Modelando a sua imagem de artista a partir da imagem do herói,[35] ele submete-se a este tempo reificado, de um mundo mecanicizado, de forma a que o choque,[36] longe de ser neutralizado pela consciência, de ser esterilizado pela memória, seja antes retomado por uma “consciência” superior e se transforme na “norma” da experiência, a forma desta mesma poesia que parece então consagrar-se ao luto [Trauer].[37] Enquanto que a escrita de Proust – ela própria alegórica – tenta utilizar o tempo na subtileza da metáfora,[38] o verso de Baudelaire sofre esse dilaceramento interno do choque e mostra-o na imagem poética, que estilhaça a experiência, sem que o poeta tente dominar o estremecimento que dele se apodera, mas, ao invés, interiorizando-o.

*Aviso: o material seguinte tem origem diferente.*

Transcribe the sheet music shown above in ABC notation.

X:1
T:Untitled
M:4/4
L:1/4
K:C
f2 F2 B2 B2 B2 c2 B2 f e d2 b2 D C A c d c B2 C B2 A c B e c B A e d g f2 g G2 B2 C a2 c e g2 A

É-nos possível compreender, à luz da análise transversal da modernidade, que a razão do sofrimento moderno é o tempo, o tempo imóvel, gelado, petrificado. O rosto da medusa assoma por detrás da experiência temporal, petrificando a experiência humana com o seu olhar, tudo se transforma em mercadoria, em coisa alienada e simulacro. A plena consciência do facto e da inexorável transformação exige ao artista uma “natureza heróica”[39] e ela transparece, da forma mais notável e lúcida, no olhar do flâneur, olhar gélido, mas que sofre, ainda (e paradoxalmente) o apelo do longínquo, para o descobrir como fantasmagoria. Que heroísmo é possível? Será a atitude nihilista a que mais convém ao desencanto?

Sabemos que a melancolia é uma ferida nunca sarada, no coração do homem moderno, essa mesma melancolia, como soube admiravelmente explicar-nos Baudelaire, que resulta do reconhecimento do tempo vazio, ele próprio mortificador, terrível. Porém, contrariamente à melancolia passiva (e originadora da acedia e do taedium vitae[40]), a melancolia de Baudelaire é activa e heróica, rememorativa. Como o próprio Benjamin o nota, “o Spleen como barragem como barragem contra o pessimismo. Baudelaire não é um pessimista […] É por isso que o seu heroísmo se distingue mais claramente que o de Nietzsche”.[41]

Ele não tem por objectivo livrar-se da sua melancolia por um acto da vontade, inventando figuras fortes e poderosas, mas procura, antes, identificar as figuras emblemáticas da melancolia heróica: o flâneur, o jogador,[42] a prostituta, o trapeiro, os marginais. Desencantados, os heróis modernos de Baudelaire, longe de serem almas fortes, são os deserdados da vida, figuras ou tipos alegóricos que apresentam em si o rosto da história da modernidade enquanto catástrofe.[43] São essas figuras ou tipos que revelam o seu verdadeiro rosto, anjos caídos, cuja natureza simultaneamente demoníaca e melancólica, exprime a dilaceração moderna.[44]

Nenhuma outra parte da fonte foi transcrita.